• _ASSIGNMENT_
Strip the pictures, then copy the remaining data exactly as it stands.

PROVIDED DATA START

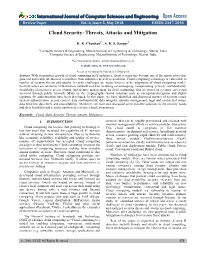 International Journal of Computer Sciences and Engineering Open Access Cloud Security: Threats, Attacks and Mitigation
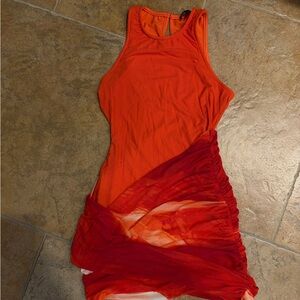JLUXLABEL Orange and Red Mini Dress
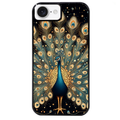 Coque noire taperso pour Iphone 16 16E PLUS MAX PRO avec motif paon mandala protection antichoc personnalisée
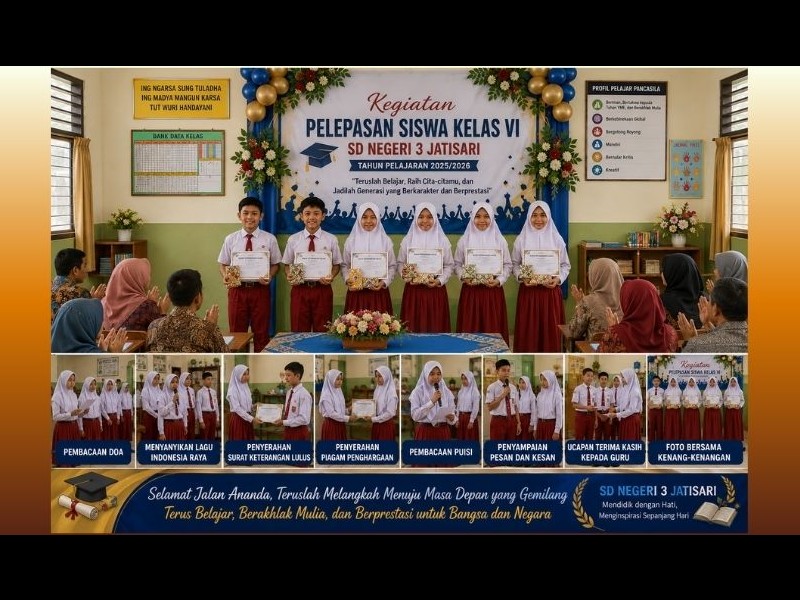 Kegiatan Pelepasan Siswa Kelas VI SD Negeri 3 Jatisari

PROVIDED DATA END

• _THE COMPLETED TASK_
 International Journal of Computer Sciences and Engineering Open Access Cloud Security: Threats, Attacks and Mitigation
JLUXLABEL Orange and Red Mini Dress
 Coque noire taperso pour Iphone 16 16E PLUS MAX PRO avec motif paon mandala protection antichoc personnalisée
 Kegiatan Pelepasan Siswa Kelas VI SD Negeri 3 Jatisari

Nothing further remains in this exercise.